Additionally, the Second Circuit has repeatedly noted the importance of providing a litigant with proper notice that future inaction will lead to dismissal before taking that significant step. See Lewis, 595 Fed.App'x at 37-38; Baptiste, 768 F.3d at 216-17. Each instance of Mr. Ofodile's negligent conduct in this matter occurred prior to the Court's single warning that dismissal for fail to prosecute was imminent. Indeed, after I intimated that a dismissal might result, (see ECF No. 34), Mr. Ofodile did respond.

In these circumstances, it would be inappropriate to dismiss Cruz's case simply because of his counsel's prior inattention. I will require, however, that Mr. Ofodile serve Cruz with a copy of this Order and Report and Recommendation so that he will be on notice that any further delays will result in a recommendation to dismiss this action with prejudice. I further will require that, by May 15, 2015, Mr. Ofodile file proof that his client was served.

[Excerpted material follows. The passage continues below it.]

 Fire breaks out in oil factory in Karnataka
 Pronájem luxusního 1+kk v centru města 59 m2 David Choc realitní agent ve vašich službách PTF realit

Finally, because Mr. Ofodile's actions obviously have caused the Defendants unnecessary expense, including but not limited to their counsel's attendance at conferences, it is appropriate that they be compensated. Mr. Ofodile is therefore directed to compensate the Defendants for three hours of their counsel's time at his regular hourly rate. See In re Goldstein, 430 F.3d 106, 110 (2d Cir. 2005) (quoting United States v. Seltzer, 227 F.3d 36, 42 (2d Cir. 2000)) (a court has inherent authority to "police the conduct of attorneys as officers of the court' and to impose sanctions for attorney misconduct."). Such payment shall be made by May 15, 2015, with proof of service to be promptly furnished to the Court.

III. Conclusion

For the foregoing reasons, I recommend that the Defendants' request that this case be dismissed for failure to prosecute be denied. However, Mr. Ofodile is directed to serve his client with a copy of this Order and Report and Recommendation and to compensate the Defendants for three hours of their counsel's squandered time.

IV. Notice of Procedure for Filing Objections to this Report and Recommendation

The parties shall have fourteen days from the service of this Report and Recommendation to file written objections pursuant to 28 U.S.C. § 636(b)(1) and Rule 72(b) of the Federal Rules of Civil Procedure. See also Fed.R.Civ.P. 6(a) and (e). Any such objections shall be filed with the Clerk of the Court, with courtesy copies delivered to the chambers of Honorable Edgardo Ramos and to my chambers, at the United States Courthouse, 500 Pearl Street, New York, New York 10007, and to any opposing parties. See 28 U.S.C. § 636(b)(1); Fed.R.Civ.P. 6(a), 6(e), 72(b). Any requests for an extension of time for filing objections must be directed to Judge Ramos. The failure to file these timely objections will result in a waiver of those objections for purposes of appeal. See Thomas v. Arn, 474 U.S. 140, 106 S.Ct. 466, 88 L.Ed.2d 435 (1985); 28 U.S.C. § 636(b)(1); Fed.R.Civ.P. 6(a), 6(e), 72(b).